Based on the above paragraph, learned counsel submits that equity, in fact, shifts in favour of the purchaser, who has paid the major part of the consideration.
12. Mr. E. Phani Kumar, learned counsel for the respondents/defendants, on the other hand, submits that the suit is clearly barred by limitation, as the original suit agreement is dated 12.10.1995 and one year period for completion of the transaction would end by 11.10.1996 and the suit had to be filed within three years as provided under Article 58 of the Limitation Act. Thus, the preset suit, having been filed on 13.10.1999 is claimed to be barred by time. Learned counsel placed reliance upon clause 3 of the said agreement, which makes one year period, as the essence of the contract, within which the transaction has to be completed.

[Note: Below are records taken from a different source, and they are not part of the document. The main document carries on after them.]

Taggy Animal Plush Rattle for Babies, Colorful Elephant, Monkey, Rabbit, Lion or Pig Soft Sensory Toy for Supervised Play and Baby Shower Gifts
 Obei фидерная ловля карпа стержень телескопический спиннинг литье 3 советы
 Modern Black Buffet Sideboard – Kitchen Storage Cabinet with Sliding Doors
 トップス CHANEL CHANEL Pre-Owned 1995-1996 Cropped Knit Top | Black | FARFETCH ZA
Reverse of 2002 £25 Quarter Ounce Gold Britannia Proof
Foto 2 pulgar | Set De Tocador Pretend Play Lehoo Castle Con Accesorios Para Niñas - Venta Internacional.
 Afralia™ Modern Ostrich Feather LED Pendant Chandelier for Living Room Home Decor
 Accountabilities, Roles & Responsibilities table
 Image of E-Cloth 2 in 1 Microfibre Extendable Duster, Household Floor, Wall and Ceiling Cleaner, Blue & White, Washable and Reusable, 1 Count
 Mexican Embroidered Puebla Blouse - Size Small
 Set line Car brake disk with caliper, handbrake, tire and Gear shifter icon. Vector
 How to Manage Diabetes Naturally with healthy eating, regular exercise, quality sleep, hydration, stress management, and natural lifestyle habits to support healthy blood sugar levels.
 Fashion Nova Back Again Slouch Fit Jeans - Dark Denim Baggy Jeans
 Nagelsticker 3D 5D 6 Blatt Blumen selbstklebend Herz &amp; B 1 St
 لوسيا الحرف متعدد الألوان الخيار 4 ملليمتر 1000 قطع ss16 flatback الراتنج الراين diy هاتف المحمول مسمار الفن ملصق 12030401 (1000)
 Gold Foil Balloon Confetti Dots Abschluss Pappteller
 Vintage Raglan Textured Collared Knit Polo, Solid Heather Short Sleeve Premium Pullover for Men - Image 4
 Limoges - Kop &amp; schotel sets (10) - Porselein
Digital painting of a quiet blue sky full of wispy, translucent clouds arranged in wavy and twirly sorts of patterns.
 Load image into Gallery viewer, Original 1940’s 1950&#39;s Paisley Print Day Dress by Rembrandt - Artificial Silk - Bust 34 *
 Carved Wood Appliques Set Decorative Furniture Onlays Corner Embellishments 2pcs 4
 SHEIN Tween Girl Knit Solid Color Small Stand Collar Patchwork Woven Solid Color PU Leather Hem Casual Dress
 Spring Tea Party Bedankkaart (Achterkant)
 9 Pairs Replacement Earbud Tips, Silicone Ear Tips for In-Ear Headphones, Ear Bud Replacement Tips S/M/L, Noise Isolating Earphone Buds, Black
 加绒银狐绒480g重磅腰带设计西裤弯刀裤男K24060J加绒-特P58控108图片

Learned counsel submits that while there is total absence of any evidence, oral and documentary on the part of the plaintiff, the defendants, in fact, had waited sufficiently and then issued Ex.B2 notice to both the agreement holders pointing out that they have failed to perform their part of the contract within the stipulated period and therefore, the agreement was cancelled and advance was forfeited. The said notice, Ex.B2, dated 20.09.1997 issued by the defendants, long after expiry of one year period fixed under the agreement, was, admittedly, served on co- agreement holder, fourth defendant and knowledge to the plaintiff is required to be presumed. Learned counsel also supports the knowledge to the plaintiff by virtue of Ex.B5 paper publication made in Eenadu daily newspaper, Rajahmundry edition, by the defendants and points out that in spite of the same further two years expired before the plaintiff filed the present suit.
13. It may also be mentioned that pending A.S.No.492 of 2003, defendants 1 to 3 have sold the suit schedule property to respondent No.5 herein, who is impleaded as such in A.S.No.492 of 2003.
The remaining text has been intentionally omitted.